Collected data
--------------------------------

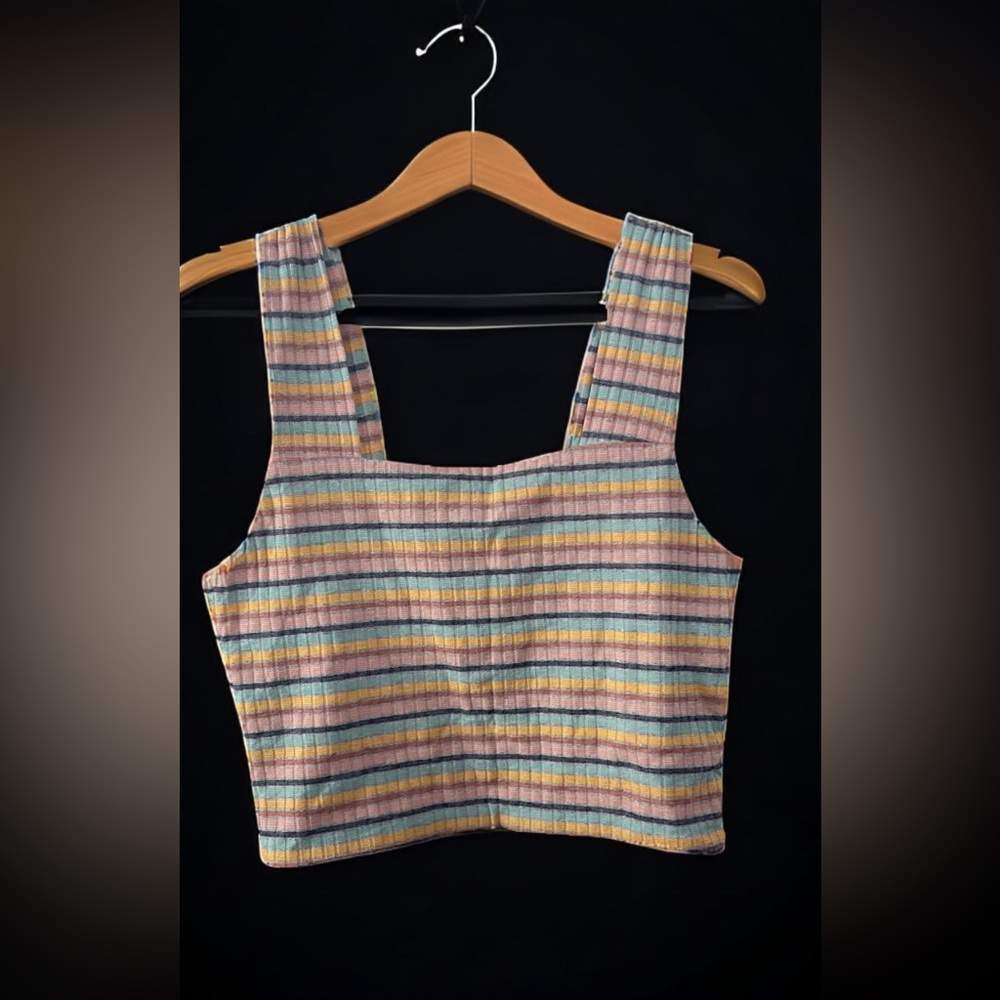 Never worn. Soft comfortable material. A bit cropped.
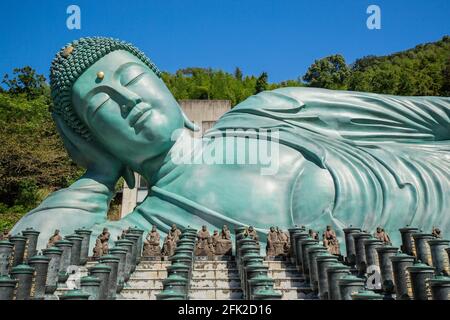 Tempio buddista Nazoino con Buddha sdraiato. Cielo blu e statua turchese che giace sul suo lato. Buddha più lungo del mondo. Fukuoka, Giappone Foto Stock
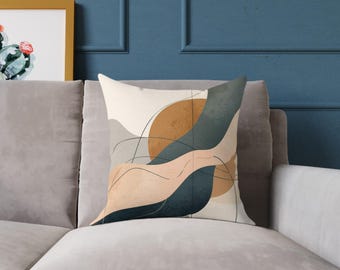 Puede incluir: Cojín cuadrado con un diseño abstracto. El cojín presenta un fondo beige con un gran círculo marrón y formas fluidas en tonos de verde azulado y melocotón. Finas líneas negras añaden detalles al diseño.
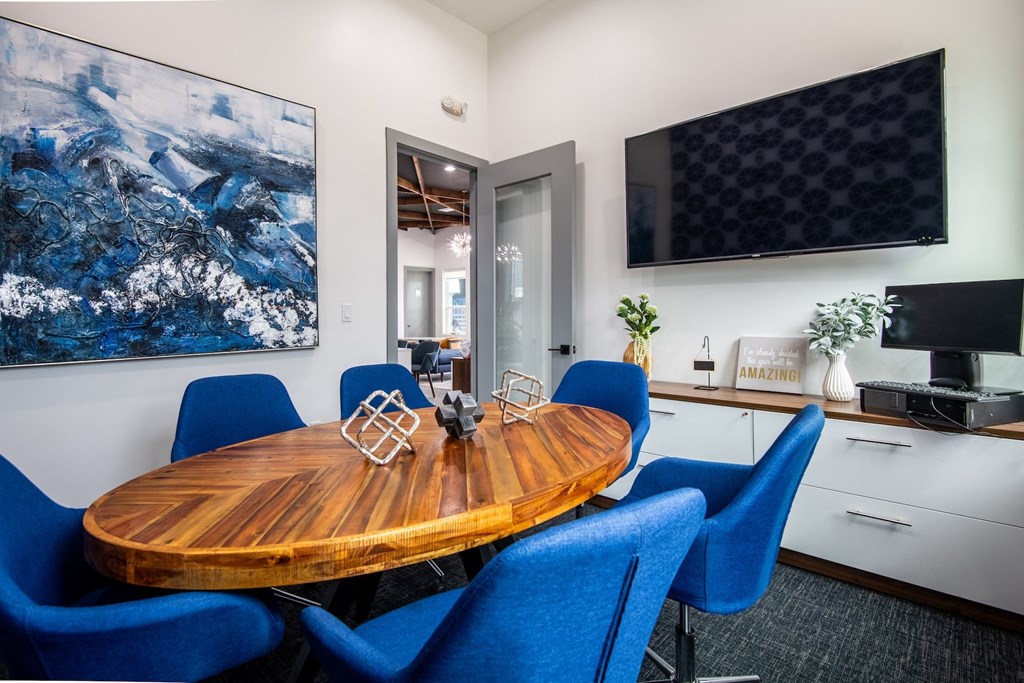 Conference room at stadium 700 apartments in Arlington, TX with large flat screen tv, oval conference table, and storage furniture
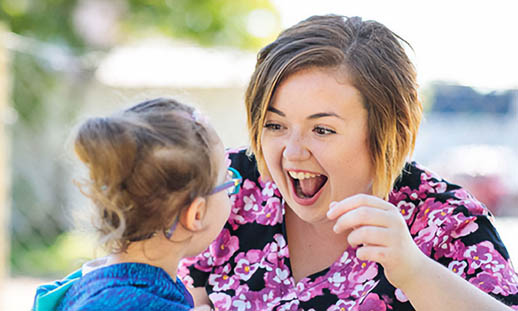 A young woman in a flowery, pink shirt smiles with an open mouth at a young child. They are seated at a picnic table in a park on a sunny day. 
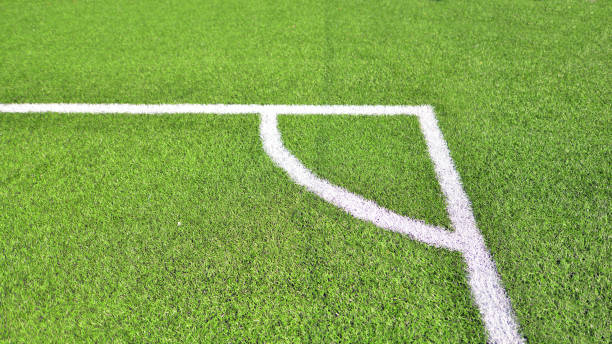 istock Artificial football turf with a white dividing line. 2175388655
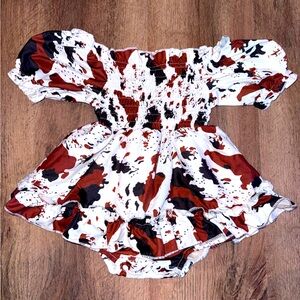 Cow print baby dress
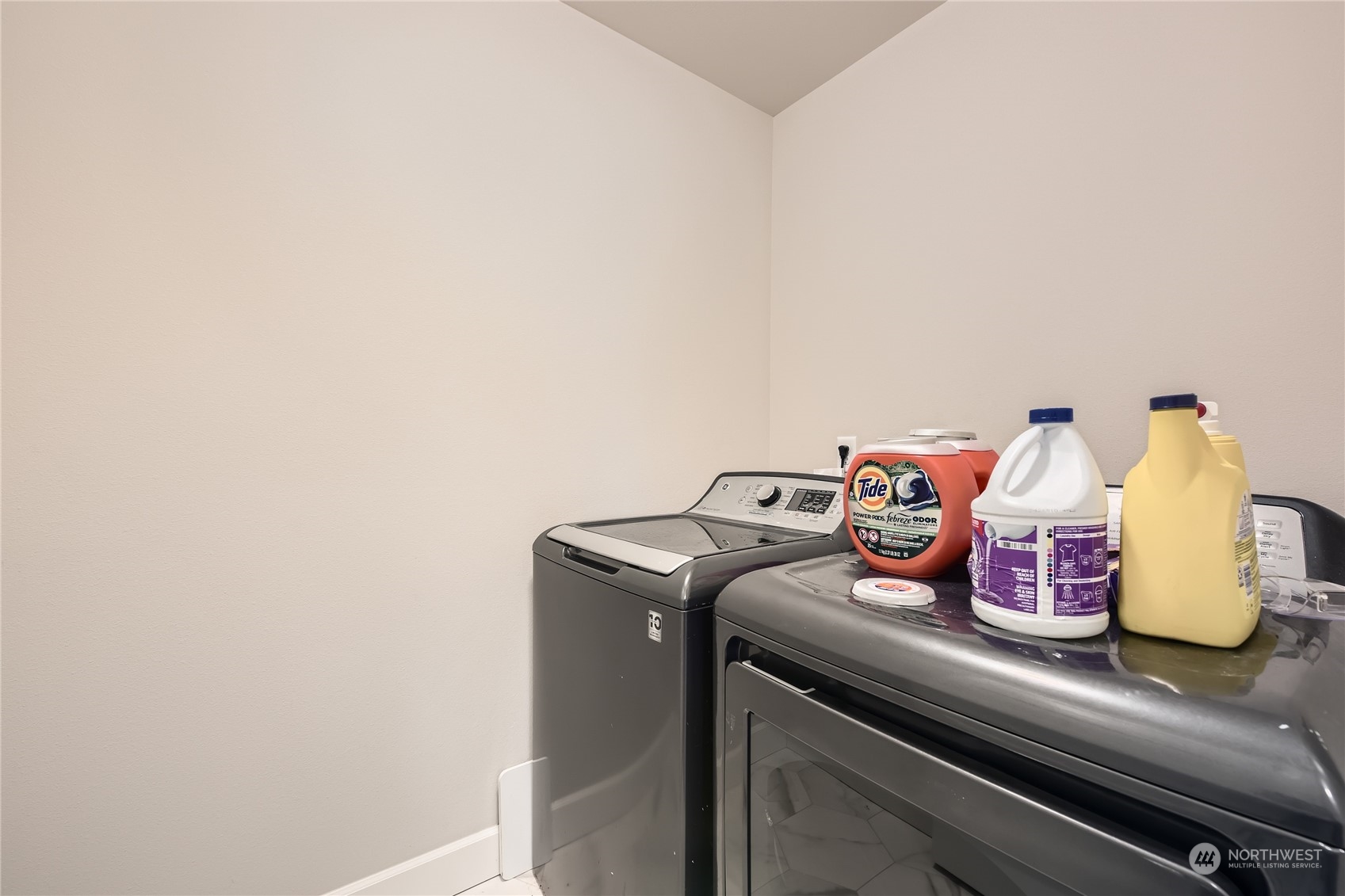 Laundry room; washer and dryer stay.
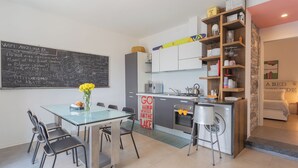 Eine moderne Küche mit einer Kreidetafel, einem Esstisch mit Stühlen und einer kleinen Kücheninsel mit Spüle.
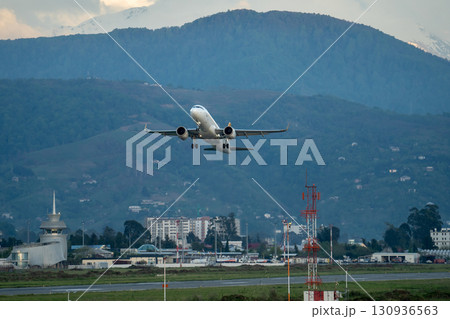 Airplane taking off from the airport, mountain on background. Airplane taking off from the airport, mountain on background. 130936563
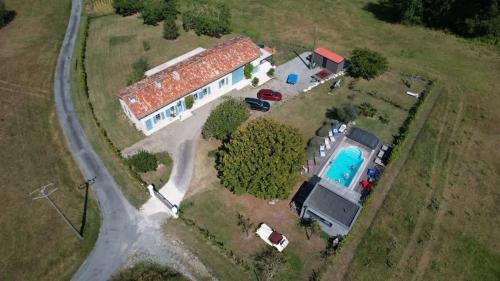 an aerial view of a house with a swimming pool at Maison Neuve, relaxing countryside home with pool in Chillac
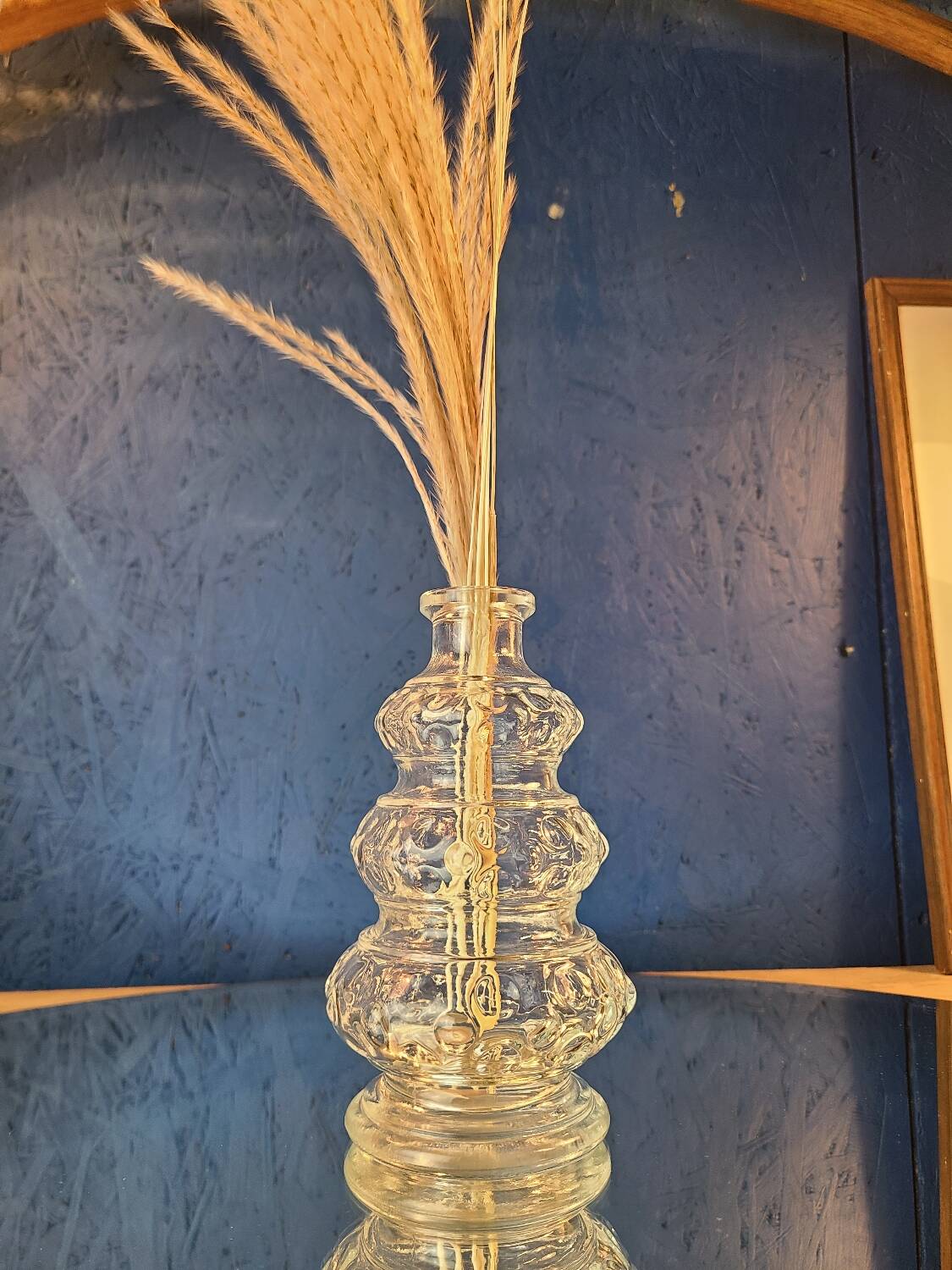 Old 3-branched stone candlestick cut with fine engravings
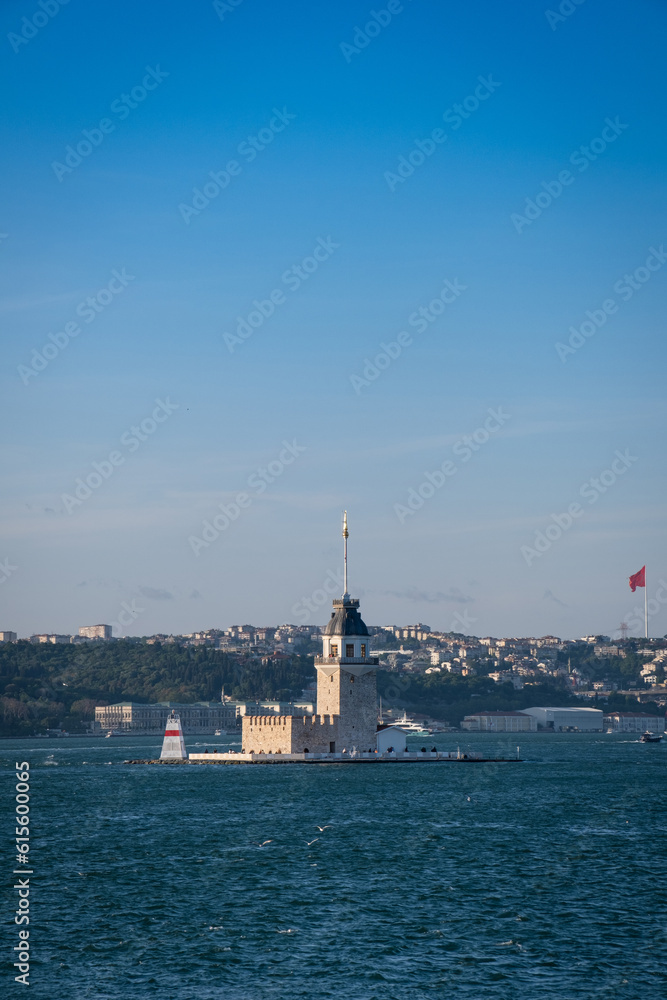After restoration, the Historical Maiden's Tower and Dolmabahce Palace in the background. Kiz Kulesi, Istanbul. Turkey.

--------------------------------

#### WHAT IS EXPECTED:
Where the line containing "Old 3-branched stone" appears, begin copying there and continue exactly through the final line of the records; both end lines belong in the copy, pictures do not.

#### WRITTEN ANSWER:
 Old 3-branched stone candlestick cut with fine engravings
After restoration, the Historical Maiden's Tower and Dolmabahce Palace in the background. Kiz Kulesi, Istanbul. Turkey.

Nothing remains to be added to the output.